Maartje Oldenburg Explains the Significance of Bringing Her Parents’ Work to Rockefeller Center
It takes a certain kind of panache to cause a stir in New York City. And while it’s hard to compete with a horizon full of skyscrapers, Rockefeller Center’s latest addition holds its own. As if by magic, a monumental gardening trowel rendered in bright blue has planted itself at the Fifth Avenue entrance to the Channel Gardens. The sculpture – Plantoir, Blue – is one of the many collaborations between Claes Oldenburg and his late wife, Coosje van Bruggen. It embodies the hallmarks of the couple’s work – enlarged everyday objects infused with a hint of whimsy and pop of color.
Oldenburg and van Bruggen’s creative partnership, which began in the 1970s, has produced a famous body of work.

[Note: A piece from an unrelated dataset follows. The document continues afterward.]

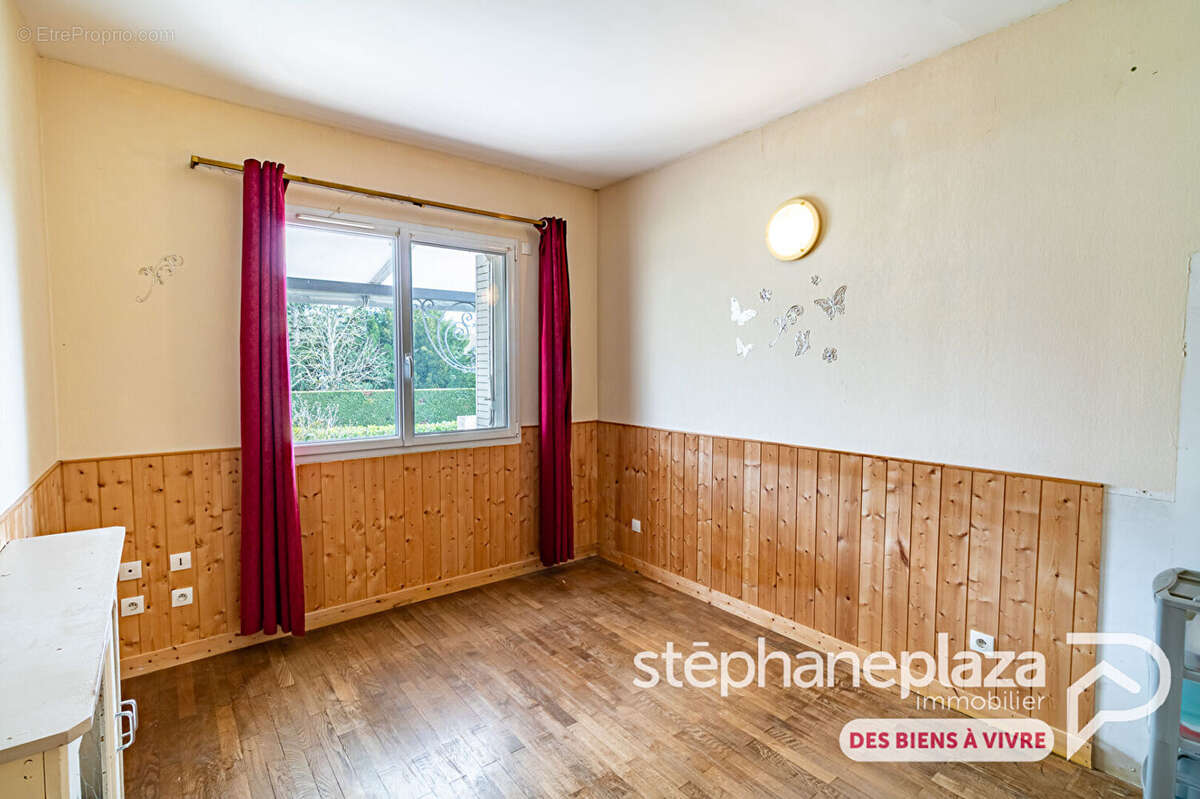 Maison à LA CHAPELLE-DU-CHATELARD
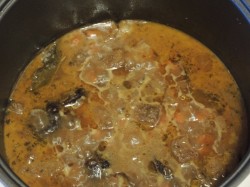 Говядина с черносливом в мультиварке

Public spaces all over the world have been transformed by colossal renderings of the unexpected. Whether it be a jumbled matchbook the size of a house in Spain, an upside-down ice cream cone on the roof of a shopping mall in Germany, or a giant safety pin in California, the renowned duo’s sculpture is famed for its playful and compelling presence. Their exploration of the boundaries of public art is epitomized in Plantoir, Blue, a piece that shows their evolution as a collaborative team.

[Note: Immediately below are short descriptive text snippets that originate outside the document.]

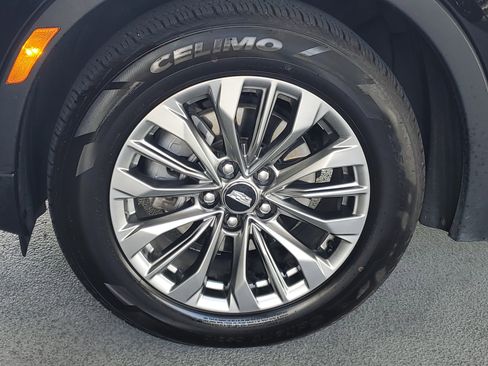 Used 2025 Cadillac XT4 Premium Luxury FWD image 5
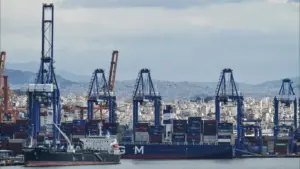 Cosco prévoit "quelque impact" de la guerre sur le terminal d'Abu Dhabi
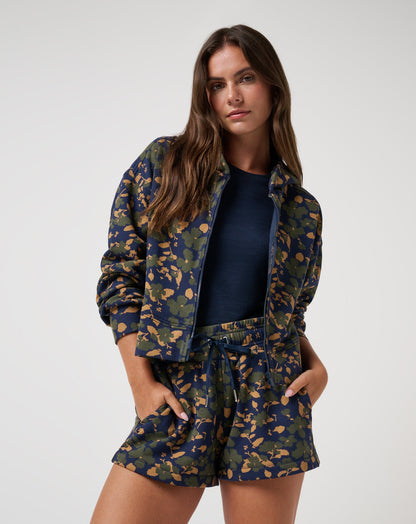 TravisMathew | Cloud Fleece Stellar Short 2.0 - Navy Blazer Floral Multi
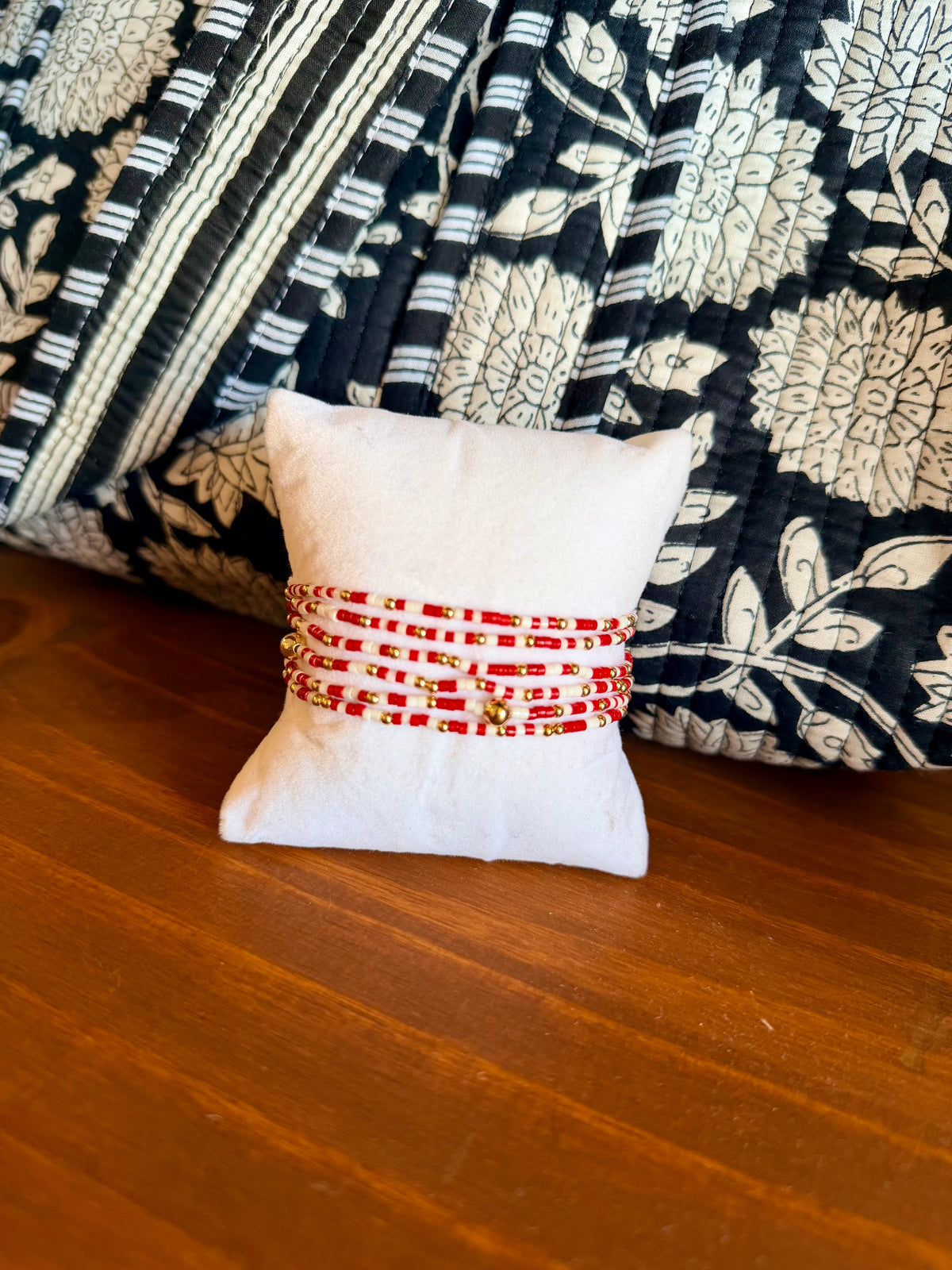 6 STACK BEADED GAMEDAY RED, WHITE, GLOD BRACELET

“When Coosje came, already from the get-go, you [could] see how they started bouncing ideas off each other, and she was both embracing and challenging those approaches,” says Maartje Oldenburg, the couple’s daughter. “One of her big contributions was the element of color. Color immediately signals what the sculpture is about as much as what everyday object has been pulled and put into a new context.”
Weighing in at 2,300 pounds and measuring over 23 feet tall, Plantoir, Blue is arresting not just for its size and cobalt coloring, but also its dynamism. It is a work meant to be both looked at and engaged with. “It changes in scale and profile when you walk around it, which you find in the best examples of large-scale sculpture,” says Steve Henry, senior partner of Paula Cooper Gallery, which is presenting Plantoir alongside Rockefeller Center. “Your relationship to the work shifts as you move around and away from it.”
Not only does it engage with the viewer, but it also relates to the setting, and the Channel Gardens represents an ideal location. Though Midtown Manhattan is decidedly urban, the Channel Gardens is a famed green space, and also happens to be on the site of the former Elgin Botanic Garden, the first botanic garden in the United States, and the perfect place to ring in the spring season.
Beyond just the gardens, there is a lively interplay between the Rockefeller Center campus as a whole and the work itself. “I think it’s really an apt placement both in terms of timing and also because Claes’ work is always engaging the themes of art, architecture, and landscape,” says Oldenburg. “Where better to really bring that to the fore than in Rockefeller Center, with its storied Art Deco style?”
It is also a rare opportunity to bring one of the couple’s pieces to a city they have long called home. Though van Bruggen and Oldenburg’s artworks have been installed and displayed across the globe, their local installations have been infrequent. Plantoir, Blue is the first public display of an Oldenburg-van Bruggen sculpture in over 20 years.
While a Big Apple appearance seems well overdue for an artwork by the husband-and-wife team, the timing is apt in other ways as well. As we pass the two-year mark of Covid, embrace spring and look ahead, the arrival of Plantoir, Blue takes on additional significance. “We’re all ready for and excited about a kind of reawakening of the city,” says Henry. “The notion of Plantoir being this symbol of engagemnt with living things in the garden, and the fact that this is going to be the launching pad for how we encounter the Channel Gardens… I think, as a metaphor, you can’t ask for a more meaningful symbol of rebirth.”
The work not only signals a post-pandemic resurgence but also underscores what we have all learned over the last two years: There is beauty in the everyday. As our normal routines were disrupted by Covid, many of us were forced to reflect on the everyday occurrences we took for granted. Plantoir, Blue highlights this by elevating a simple tool into an arresting art object. It’s a monumental reminder to indulge in life’s small pleasures, and though its presence will be fleeting, its message is timeless.
Plantoir, Blue by Claes Olderburg and Coosje van Bruggen is on display at the Channel Gardens until May 6, 2022.